Scraped caption text data:
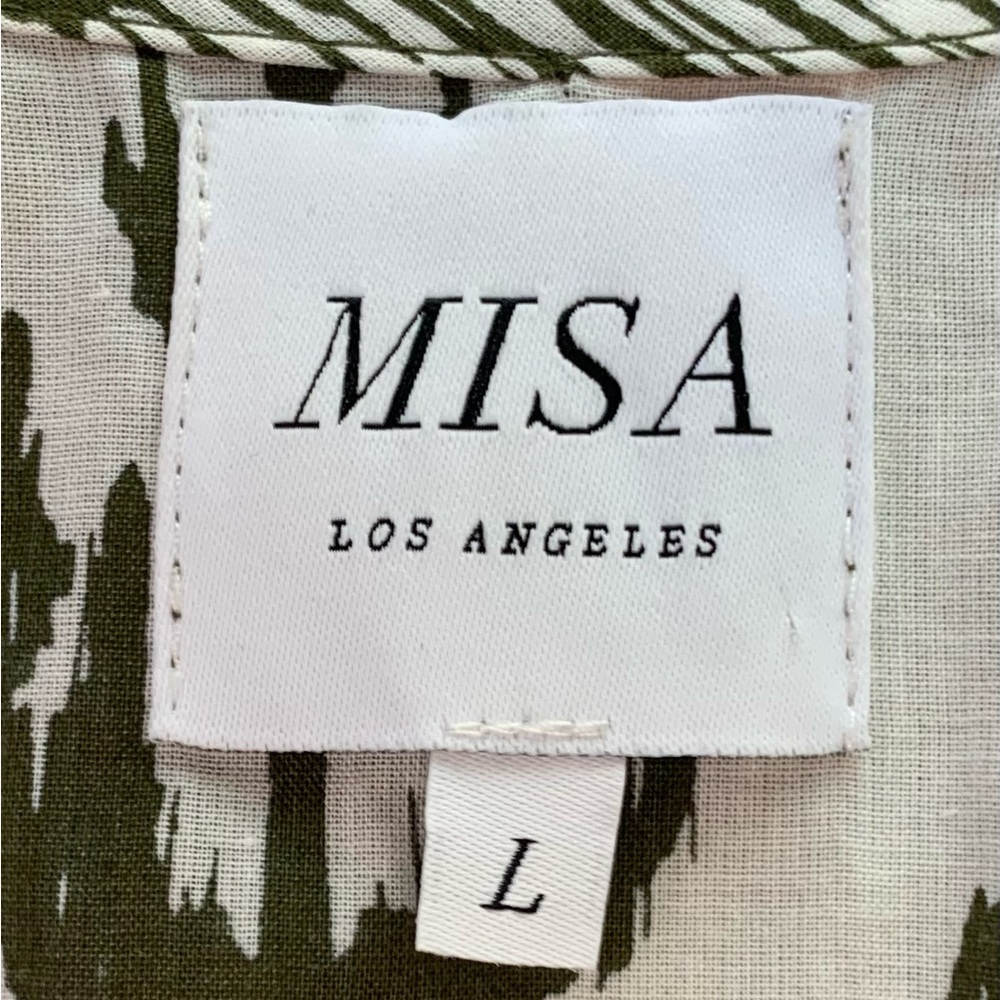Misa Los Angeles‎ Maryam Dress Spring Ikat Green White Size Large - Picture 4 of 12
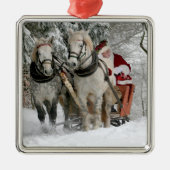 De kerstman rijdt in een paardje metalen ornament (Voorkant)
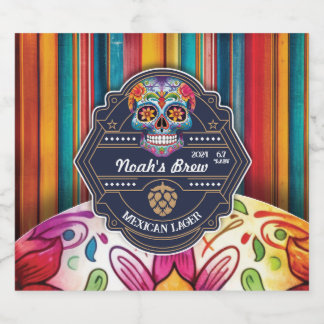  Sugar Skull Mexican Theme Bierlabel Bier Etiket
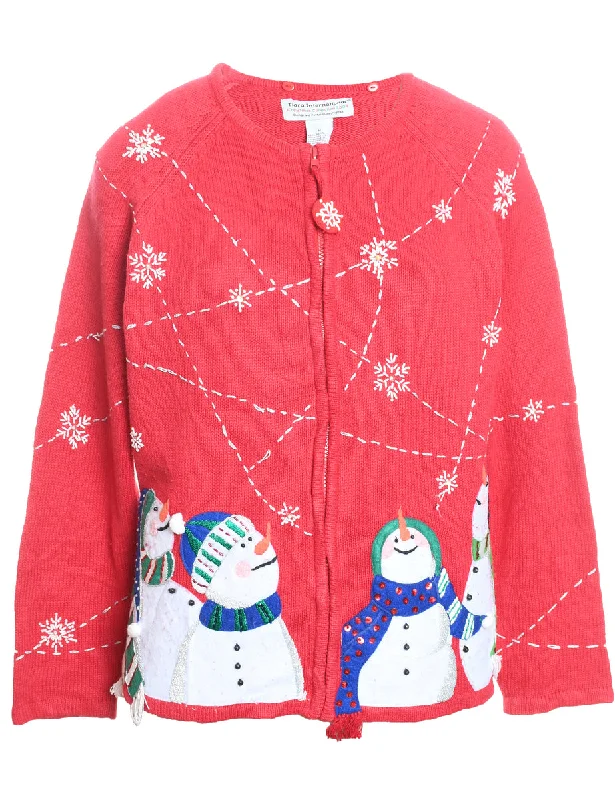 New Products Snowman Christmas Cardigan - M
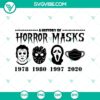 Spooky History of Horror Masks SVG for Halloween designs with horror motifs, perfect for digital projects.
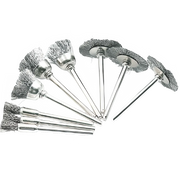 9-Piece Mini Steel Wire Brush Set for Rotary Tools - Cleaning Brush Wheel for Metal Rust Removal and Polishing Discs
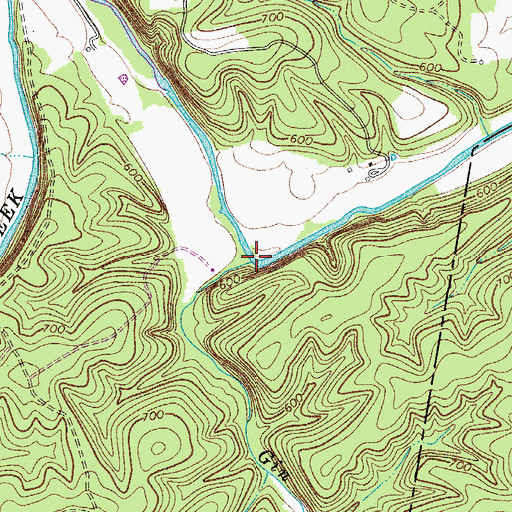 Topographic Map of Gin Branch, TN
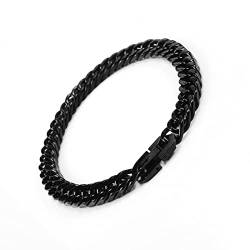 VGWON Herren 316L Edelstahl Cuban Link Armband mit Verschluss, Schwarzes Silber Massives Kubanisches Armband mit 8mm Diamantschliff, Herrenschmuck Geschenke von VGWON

The task: Give an exact copy of the line containing "9-Piece Mini Steel" and every line after it through the end of the entries. Pictures are to be dropped.

Exercise output:
 9-Piece Mini Steel Wire Brush Set for Rotary Tools - Cleaning Brush Wheel for Metal Rust Removal and Polishing Discs
 Topographic Map of Gin Branch, TN
 VGWON Herren 316L Edelstahl Cuban Link Armband mit Verschluss, Schwarzes Silber Massives Kubanisches Armband mit 8mm Diamantschliff, Herrenschmuck Geschenke von VGWON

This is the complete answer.